As one of Taiwan’s few internationally recognizable computer brands, Acer is betting heavily on its growth in the tablet computer market where it joined other rivals to compete with Apple’s widely successful iPad.
"Tablet is a huge market and it shows a new path for new growth," Acer Chairman J.T. Wang said during the Reuters China Investment Summit.
"For Acer, we want to become a significant player as soon as possible," Wang said in an interview at the company’s headquarters.
Acer aims to capture a 15-20 percent share of the global tablet PC market next year, said Wang, whose company unveiled a range of its own tablet computers last month.

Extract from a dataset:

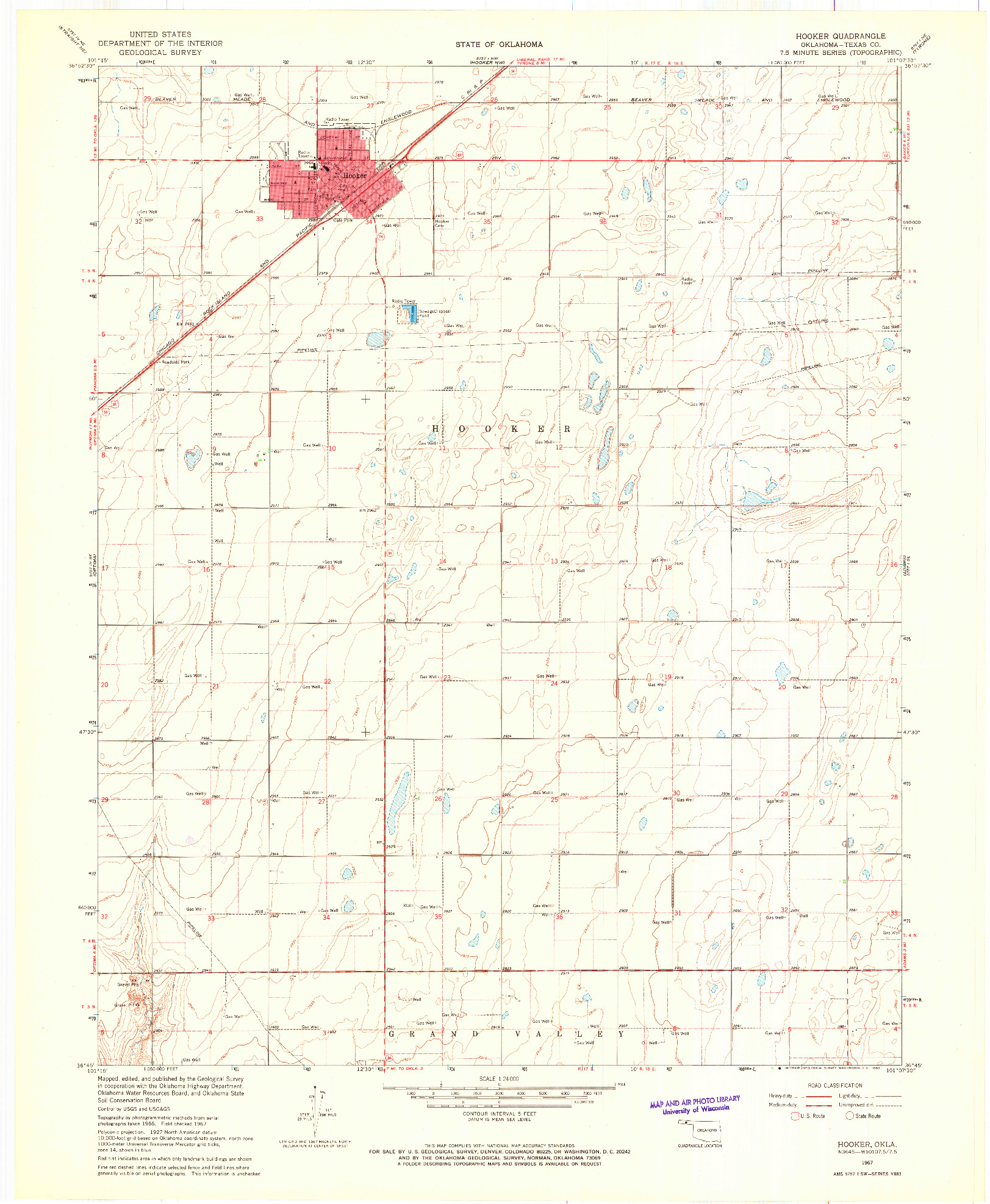 USGS 1:24000-SCALE QUADRANGLE FOR HOOKER, OK 1967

Analysts expect worldwide tablet PC sales to reach 40-50 million units in 2011, with the iPad dominating the market. Research firm IDC has said tablet shipments could grow by an average 57.4 percent per year in 2010-2014, reflecting the sector’s huge growth potential.
That would also help boost Acer’s China revenue to $2.5 billion in 2011 from $1 billion this year, he said. China operations account for 7 percent of Acer’s total sales now.
When asked about the impact from an appreciating yuan currency, Wang said: "In China, purchasing power will increase significantly in the next few years and PCs will become cheaper."
In late October, Acer, which also sells smartphones, forecast its fourth quarter sales would grow 5-10 percent and its branded PC revenue would grow 10-15 percent next year, driven by growing demand from China and emerging markets.
Acer, whose operating profit margin stood at 3.2 percent in the July-September quarter, will see the margin stable at about 3 percent next year, Wang said.
Investors have bought into Acer’s solid fundamentals, pushing the stock to a more than eight-month high last week.
Analysts expected Acer to book revenue of T$758 billion ($25 billion) in 2011, up 14 percent from this year, and will grow another 13 percent into 2012, according to forecasts from Thomson Reuters I/B/E/S.
For Wang, getting bigger is a survival issue.
Earlier this year, Acer announced a strategic alliance with Founder Technology to beef up its presence on the mainland, including paying $67.5 million for use of Founder’s PC-related trademarks for seven years.
After a restructuring plan to drop out of contract manufacturing to further develop its own brand in late 2000, Acer also acquired PC rivals Gateway and Packard-Bell, dramatically expanding its footprint in the United States.
By unit shipments, Acer had a 13 percent share of the global PC market in the third quarter of 2010, trailing only Hewlett-Packard’s 17.6 percent, according to research firm IDC.